Things are going pretty well with the company but since the upcoming changes in our lives are bound to take away time from RDSP we’ve been considering trying to get more help. I tend to be one of those people who can’t leave things up to someone else, especially when it comes to RDSP because everything’s got to be done ‘just so.’ It’s terrible, I mean there’s a reason the phrase is ‘control FREAK’.

So we’ve come up with a few possibilities. One is getting college students as interns to do stuff like making packages but I’m afraid our ‘office’ isn’t official enough seeming and once there’s a baby in the house that will really make us look unprofessional.

Another possibility is getting a volunteer editor. Someone who could take a project from start to finish, edit a manuscript, deal with the author and cover artist, possibly do some book layout and manage the publicity for the release of the book, getting reviews & blurbs, setting up events etc.

I think either possibility could be great experience for someone who is interested but it would be a lot of work to expect from someone for no pay plus it requires a lot of different skills.

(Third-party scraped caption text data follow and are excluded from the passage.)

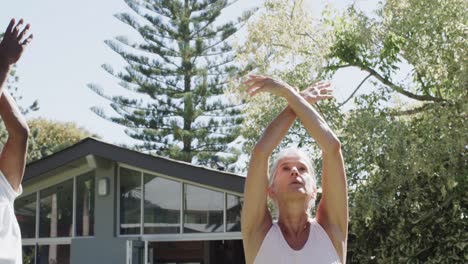 focused diverse seniors having pilates class in sunny garden, unaltered, in slow motion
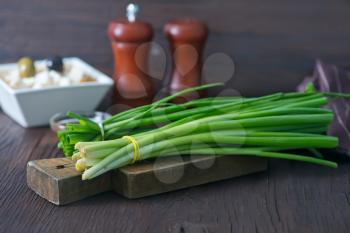 fresh onion on wooden board and on a table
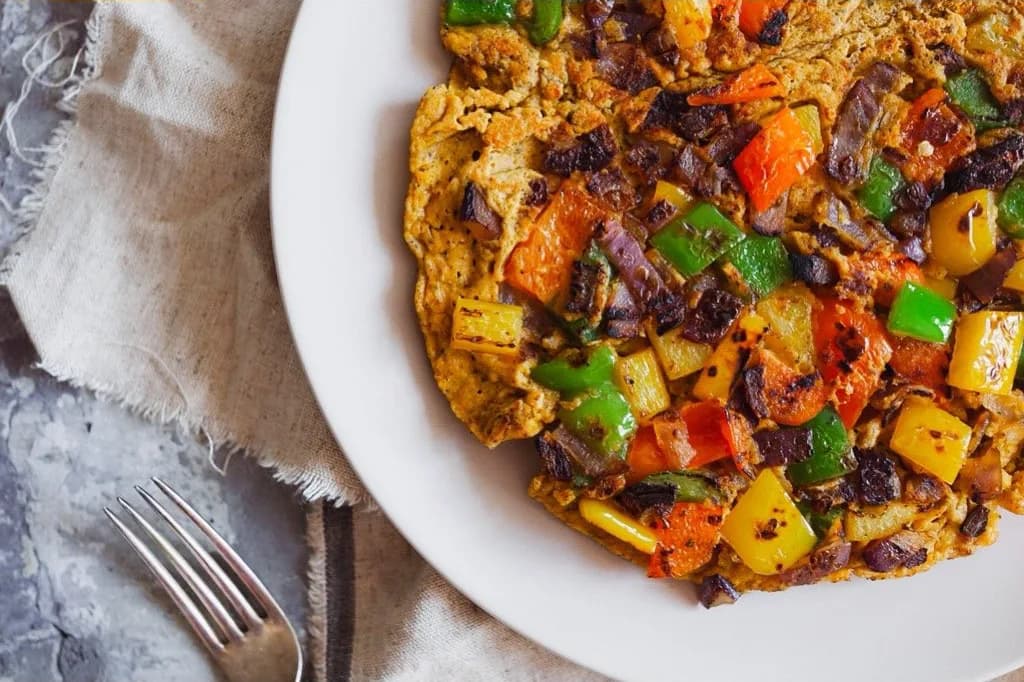 Pepper and red onion scramble on a white plate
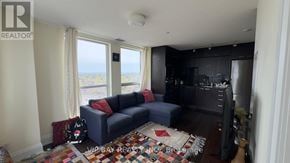 Toronto (Willowdale East) condo for rent - A living room with a couch and a television.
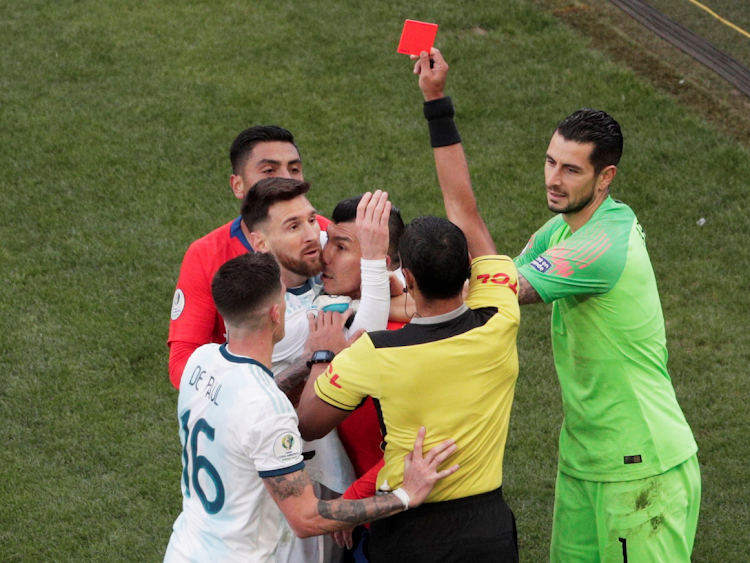 Argentina's Lionel Messi and Chile's Gary Medel are sent off by referee Mario Diaz de Vivar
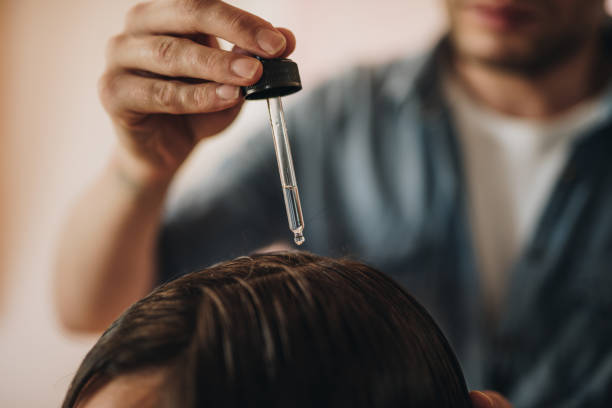 Close-up of wholesale hair oil being applied to scalp.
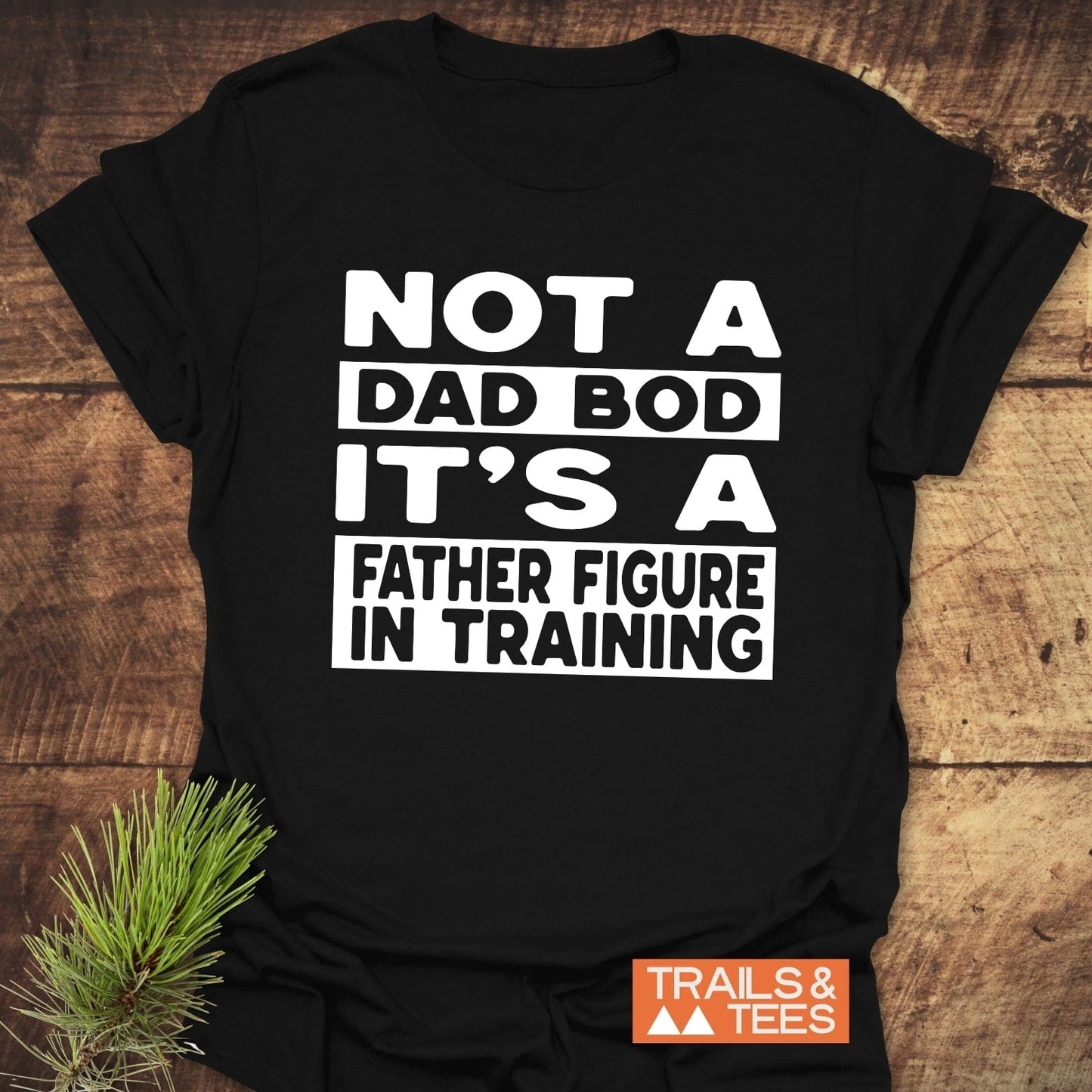 It's Not A Dad Bod T-Shirt with bold slogan, laid flat, features soft ring-spun cotton, durable print, and Trails & Tees logo beside a pine sprig prop.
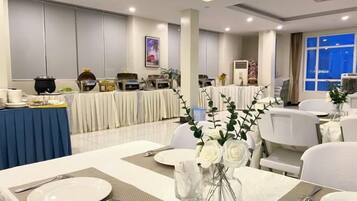 Un salón de banquetes con mesas dispuestas para comer, una zona de bufé y un amplio ventanal con vistas.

The other alternative is that we’ll just have to slow things down for awhile. I’m sure we won’t be able to keep up this pace but it’s frustrating to have to cut back now that things really seem to be taking off.


  1. Freelance editors are used even by the big publishers. Just spread some responsibility around. Does Kevin bring Bare Bone to completion, soup to nuts, every time?

  2. *volunteer* editors

    not sure what you’ll get with that…instead, you might consider having the editor’s compensation tied to book sales…a royalty for the editor just as you do for the author.

    I oh-so-briefly engaged in epublishing other authors and did that with cover artists. Best case scenario, you get not only a great edit on the book but an editor with a vested interest in how the book performs and will help promote the book.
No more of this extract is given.